Ha traído un libro de Michel Onfray, nuestro filósofo de culto, que titula Teoría del viaje, y cita: Sigo con Onfray, en las páginas finales de su Théorie du voyage: “Algunos regresan de manera compulsiva a lugares ya visitados, reencontrando costumbres de sedentarios en el corazón mismo de la experiencia nómada”. Cierto, soy de esos, no me importa confesarlo. Y si lo hago es tal vez porque lo que busco en esos viajes no es satisfacer una pasión, ya vacilante, por “lo nuevo” como fetiche intocable, lo exótico o, como él dice, la “extravagante belleza” ni ese exótico expresionista de “lo otro”, tan falso, tan manido, tan mendaz en su discurso humanitario.

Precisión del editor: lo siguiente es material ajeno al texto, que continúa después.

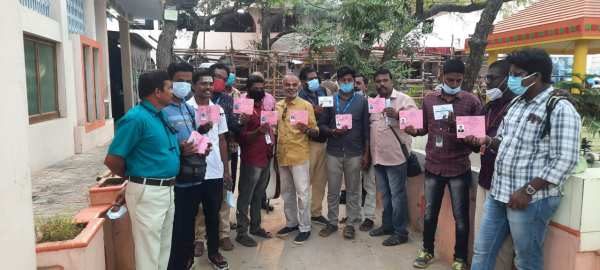 Media persons sit in agitation protest outside poll counting centres 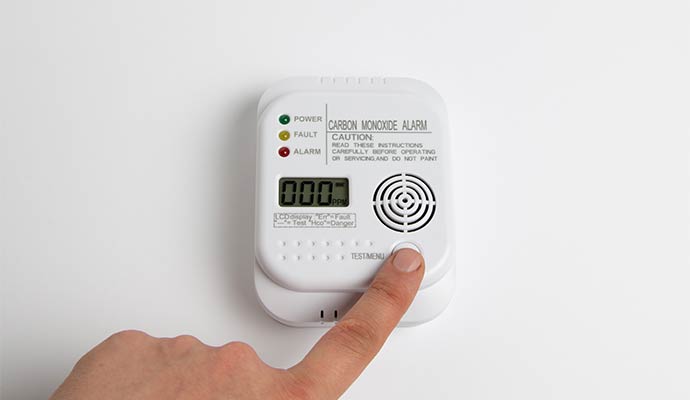 A person pressing the test button on a white carbon monoxide alarm with a digital display showing zero ppm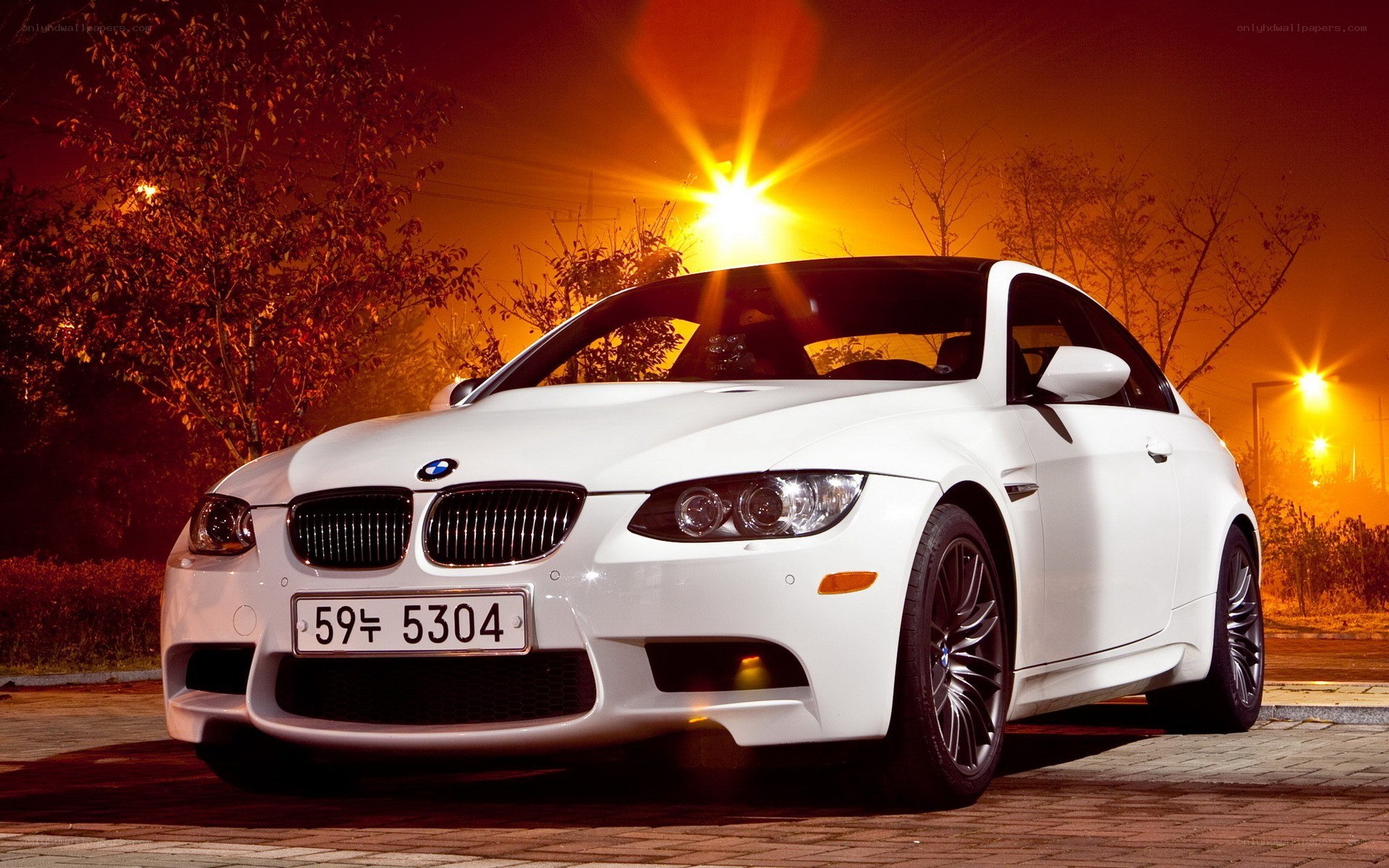 white bmw m3 at night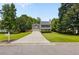Inviting two-story home with a long driveway, lush green lawn, and classic curb appeal at 305 Hickory Pointe Ct, Villa Rica, GA 30180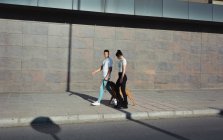 Paar spaziert und spielt mit Hund durch die Straßen der Stadt — Stockfoto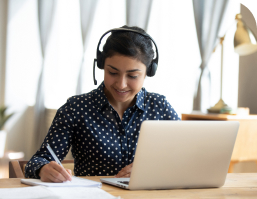 Woman Wearing Headphones Working At Laptop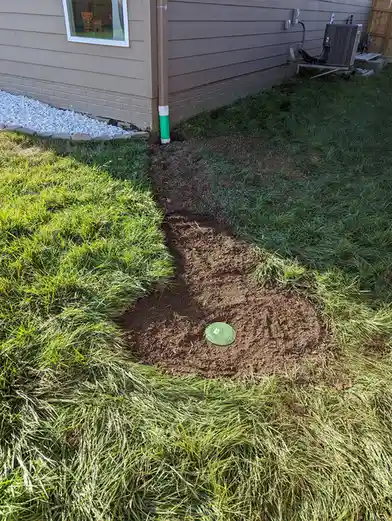 A grassy yard shows a freshly dug trench leading to a green sprinkler system cover, with a house wall and white gravel…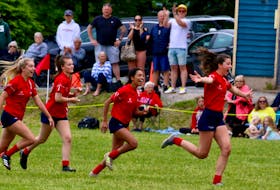 As the whistle blew at the conclusion of the 2022 SSNS Division 1 Rugby Championship, Ava Shearer (front) and teammates Josie King, Cela MacDougall and Carolina Herrera celebrate.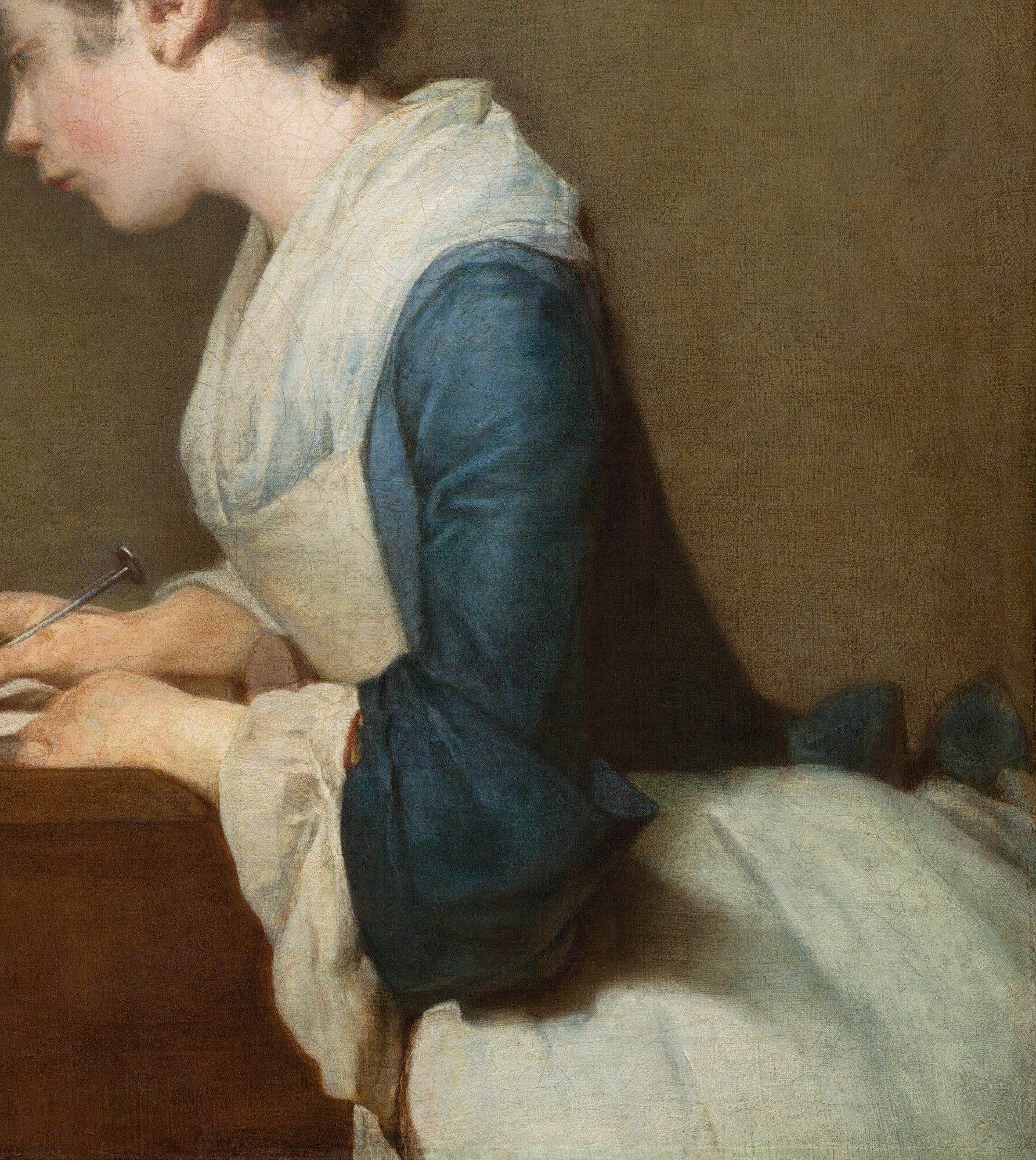 The crisp white fabric and blue sleeve suggest a working-class background and the practicality of her attire.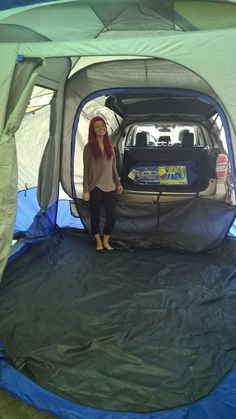 a woman standing next to a car in a tent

Sé que en esas idas que son regresos, me pierdo algo, en algún lado, pero eso es tan continuo y desde hace tanto tiempo que ya forma parte de mí y de lo que escribo. Algo ha podido ser y no ha sido. Cuando se tiene el sentimiento intenso de que la vida está en otra parte, como escribía un Tabucchi embriagado de saudade, eso no tiene remedio. Sé algo más, que si no he terminado de escribir Las puertas de Valparaíso, ha sido por dos motivos, uno porque siempre he pensado que iba a regresar y que en ese nuevo viaje iba a ver y vivir lo que no había visto ni vivido en mi anterior viaje, y otro, que dar por terminadas esas páginas iba a ser cerrar por las buenas y para siempre unas puertas, una puerta que había tenido abierta. Viajes cerrados, libros abiertos… Y volver, volver… ¿A qué exactamente? Me temo que por mucho que me esfuerce no voy a dar con una respuesta satisfactoria. Entre tanto me engaño como puedo, emocionado, entusiasta, en ruta. Y al fondo, el verdadero argumento de la obra y uno de los vientos del viaje: el Tiempo.

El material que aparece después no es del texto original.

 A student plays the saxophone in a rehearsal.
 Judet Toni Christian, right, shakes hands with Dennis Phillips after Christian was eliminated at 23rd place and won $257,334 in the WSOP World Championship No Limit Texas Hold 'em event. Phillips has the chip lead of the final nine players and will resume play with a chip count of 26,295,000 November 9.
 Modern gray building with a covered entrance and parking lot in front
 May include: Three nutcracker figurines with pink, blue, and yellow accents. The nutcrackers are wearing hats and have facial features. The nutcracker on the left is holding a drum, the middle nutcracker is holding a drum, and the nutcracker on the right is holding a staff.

Es la víspera de su llegada a Bolivia. Pasará cinco días en Cocha y luego a La Paz, a talonear hacia arriba porque es el mundo que le interesa. ¿Qué tiene La Paz para merecer semejante atención de un navarro?

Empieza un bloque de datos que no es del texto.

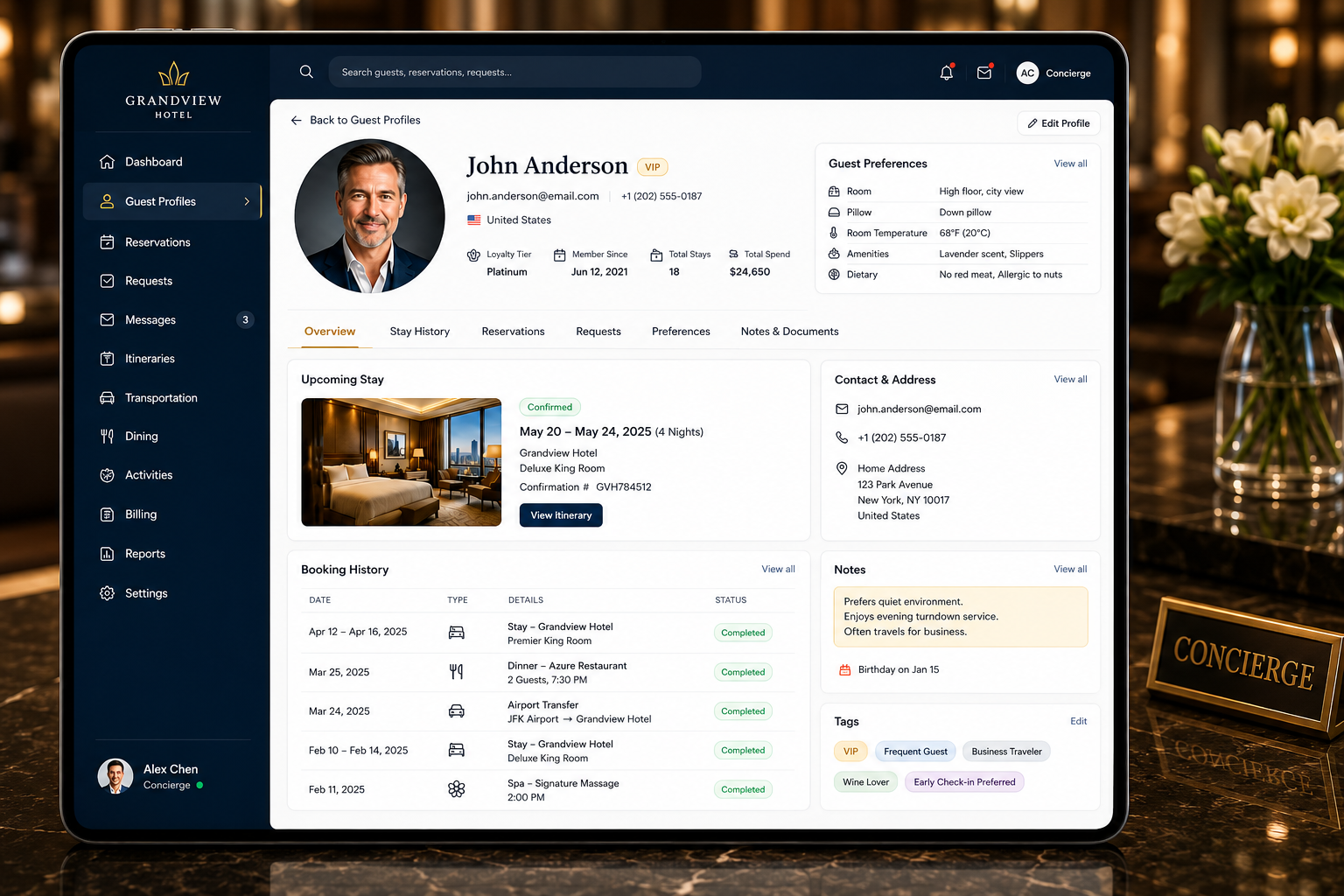 Concierge reviewing guest profiles on a tablet at the front desk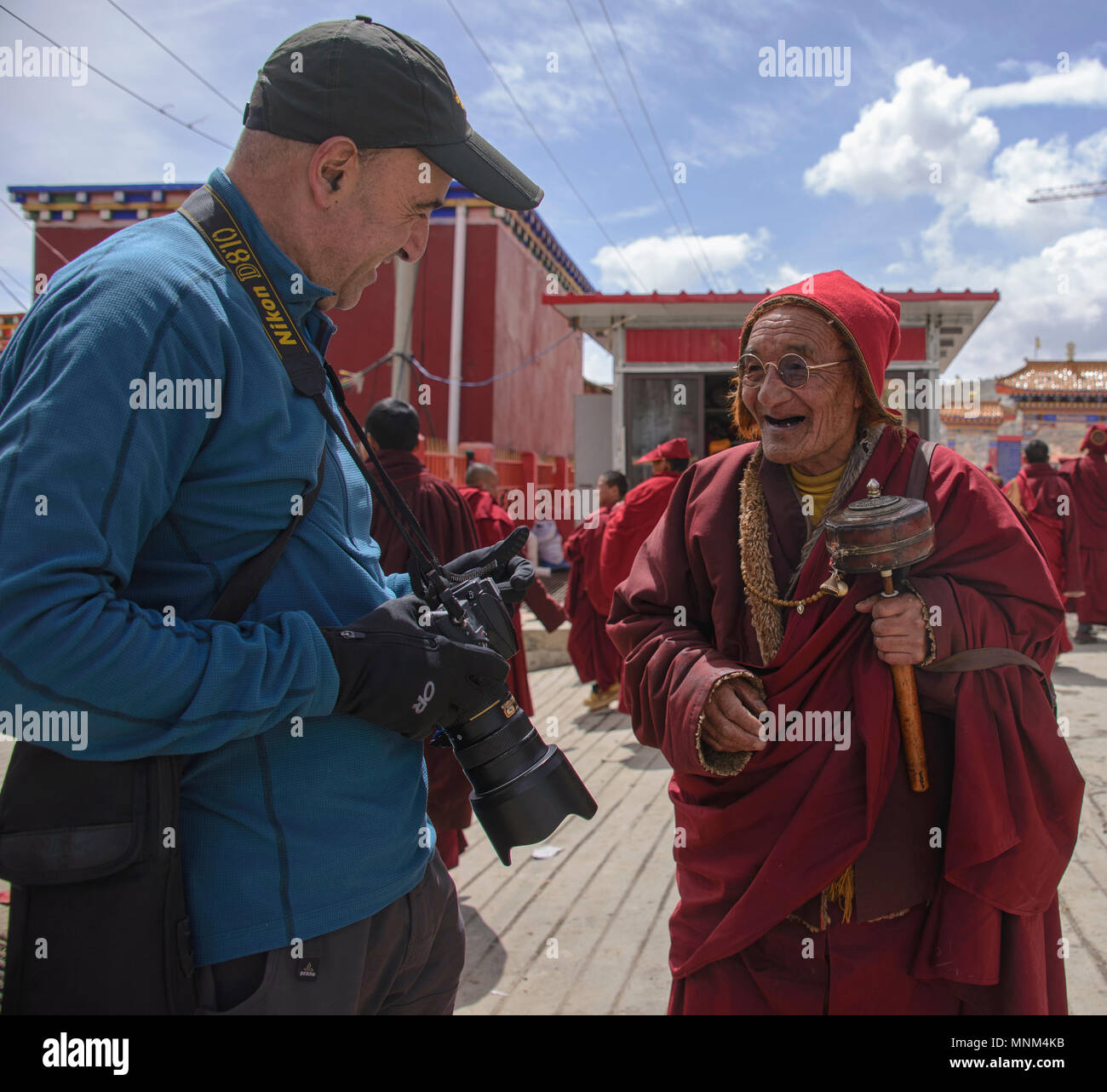 Friendly Tibetan monk talking to a tourist in Yarchen Gar, Sichuan, China Stock Photo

No pensé hallar en un navarro tanto cariño por mi país, pero particularmente por La Paz. Recuerdo que escribí una nota larga sobre Jaime Saenz, para presentar la última edición de Felipe Delgado por Plural Editores y entonces Miguel escribe: De hecho si viajé en 2008 a Bolivia desde Chile fue para conocerle, porque había leído un artículo suyo sobre Jaime Sáenz que me había gustado mucho (al año siguiente me regaló todos sus libros de poemas en primeras ediciones).
La Paz ejerce una atracción, un magnetismo, una fascinación especial en quienes la visitan, lo mismo del interior del país que de otros países. Unos se inclinan por el paisaje, pero otros saben ahondar en la condición humana, y entonces la atracción es irresistible.